(Beginning of DATASET ENTRIES)
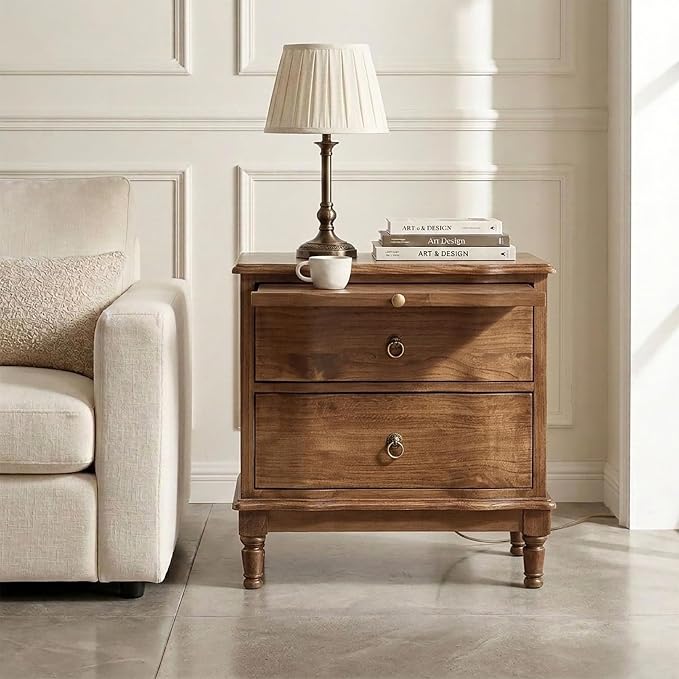 HULALA HOME Solid Wood Storage End Table with Hidden Pull-Out Shelf, Transitional 2 Drawer Side Table with Charging Station, Large SideTable with USB Ports, Easy Assembly, Cherry by HULALAHOME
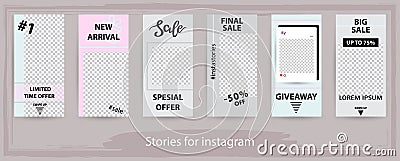 Trendy editable templates for instagram stories, sale, vector i Vector Illustration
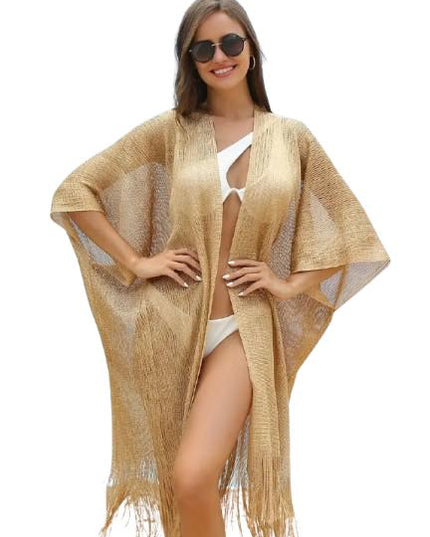 Kimono de plaja auriu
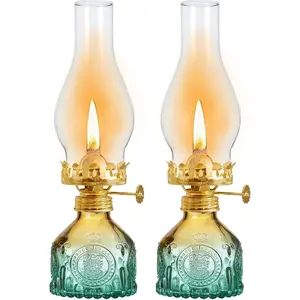 2 Pcs Vintage Large Color Glass Kerosene Oil Lantern Decorative Hurricane Oil Lamp for Indoor Home Tabletop Decor Lighting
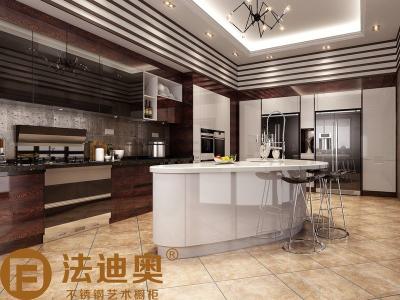 China Fadior Modern Kitchen Cabinet Dark Wood Elegance With A Butterfly Island Design for sale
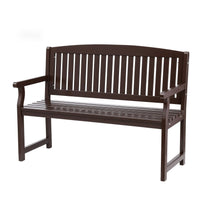 Gardeon Outdoor Garden Bench Wooden 2 Seater Lounge Chair Patio Furniture Brown
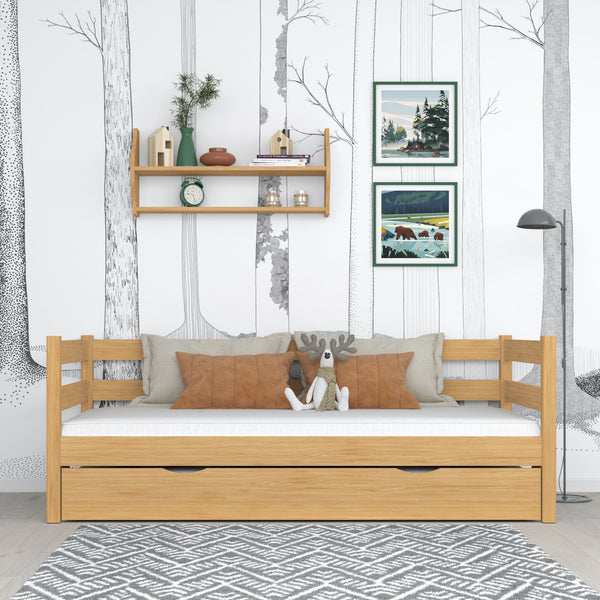 Łóżko sofa z szufladą na materac N01 sosna naturalna – dodatkowy widok, polska produkcja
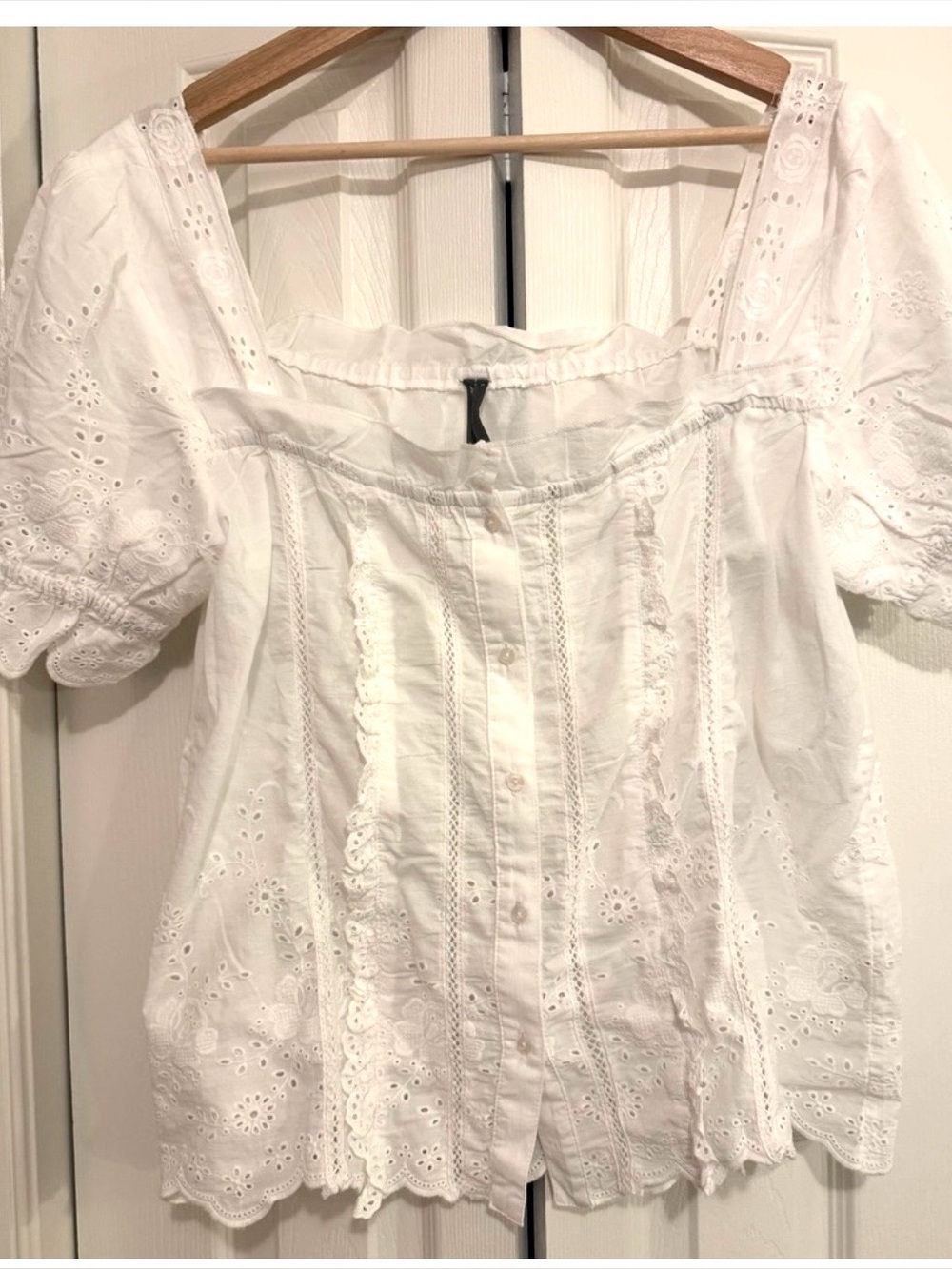 Anthropologie White Eyelet Blouse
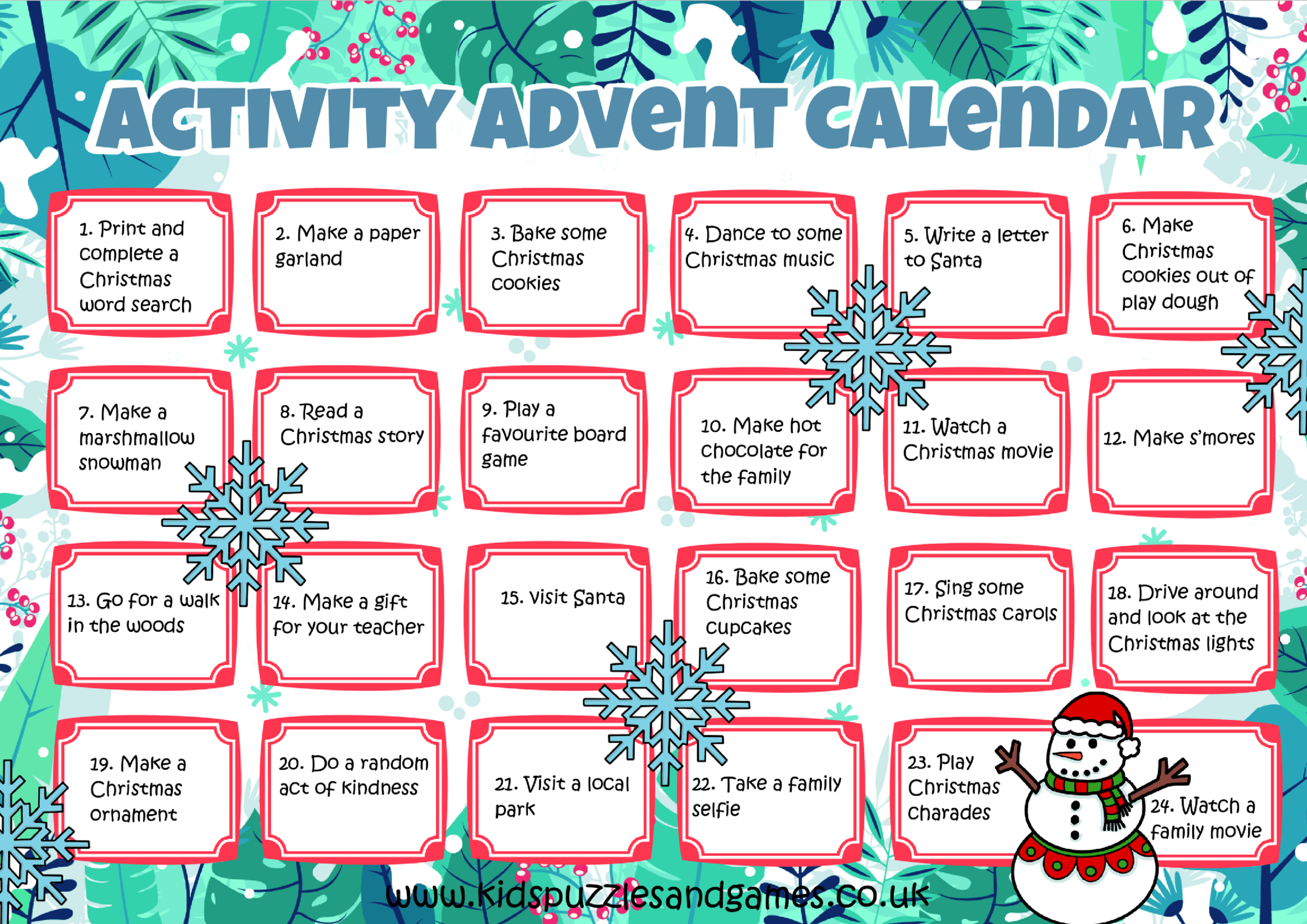 New Printable Activity Advent Calendar Kids Puzzles And Games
(End of DATASET ENTRIES)
TASK GOAL —
Produce an exact copy of only those lines that run from the line with "Trendy editable templates" to the final line of the records, including both; exclude images.

RESULT FOR THIS EXERCISE —
 Trendy editable templates for instagram stories, sale, vector i Vector Illustration
 Kimono de plaja auriu
 2 Pcs Vintage Large Color Glass Kerosene Oil Lantern Decorative Hurricane Oil Lamp for Indoor Home Tabletop Decor Lighting
 China Fadior Modern Kitchen Cabinet Dark Wood Elegance With A Butterfly Island Design for sale
 Gardeon Outdoor Garden Bench Wooden 2 Seater Lounge Chair Patio Furniture Brown
 Łóżko sofa z szufladą na materac N01 sosna naturalna – dodatkowy widok, polska produkcja
 Anthropologie White Eyelet Blouse
 New Printable Activity Advent Calendar Kids Puzzles And Games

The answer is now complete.